Embrace Emotional Honesty – Acknowledge and validate your full range of emotions instead of suppressing them.
Foster Genuine Conversations – Encourage open discussions that allow for both joy and struggle rather than responding with dismissive positivity.
Prioritize Real-World Connections – Build meaningful, in-person relationships that facilitate deeper and more nuanced emotional interactions.

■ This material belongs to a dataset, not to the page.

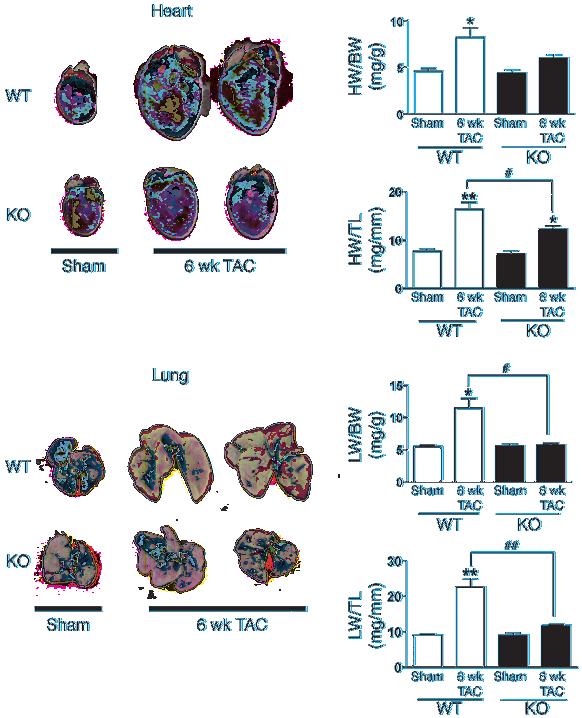 Figure 5 CaMKIIδ deletion reduces relative HW and lung edema in response to 6-week TAC. HW and LW were normalized to BW and TL. Data are mean ± SEM of values from 3 9 mice. *P < 0.05, **P < 0.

Conclusion: Embracing Emotional Authenticity
While toxic positivity is embedded in digital culture, awareness of its impact enables us to challenge and counteract its effects. By fostering emotional authenticity—both online and offline—we can create environments where all emotions are acknowledged and validated. The goal is not to reject positivity but to cultivate a healthier, more balanced approach to emotional well-being—one that embraces the full spectrum of human experience.
References
Campbell-Sills, L., Barlow, D. H., Brown, T. A., & Hofmann, S. G. (2006). Acceptability and suppression of negative emotion in anxiety and mood disorders. Emotion, 6(4), 587–595. https:// doi.org/10.1037/1528-3542.6.4.587
BERMEJO, M. S., ELEAZAR, E. C., QUINTO, K. L. M., & VILLAREZ, A. L. (2021). TOXIC POSITIVITY AND ITS ROLE ON COLLEGE STUDENTS’MENTAL HEALTH DURING THE COVID-19 PANDEMIC (Doctoral dissertation, Doctoral dissertation, Rizal Technological University]. DOI: 10.13140/RG. 2.2. 21244.26249).
Upadhyay, I. S., Srivatsa, K. A., & Mamidi, R. (2022, July). Towards toxic positivity detection. In Proceedings of the tenth international workshop on natural language processing for social media (pp. 75-82).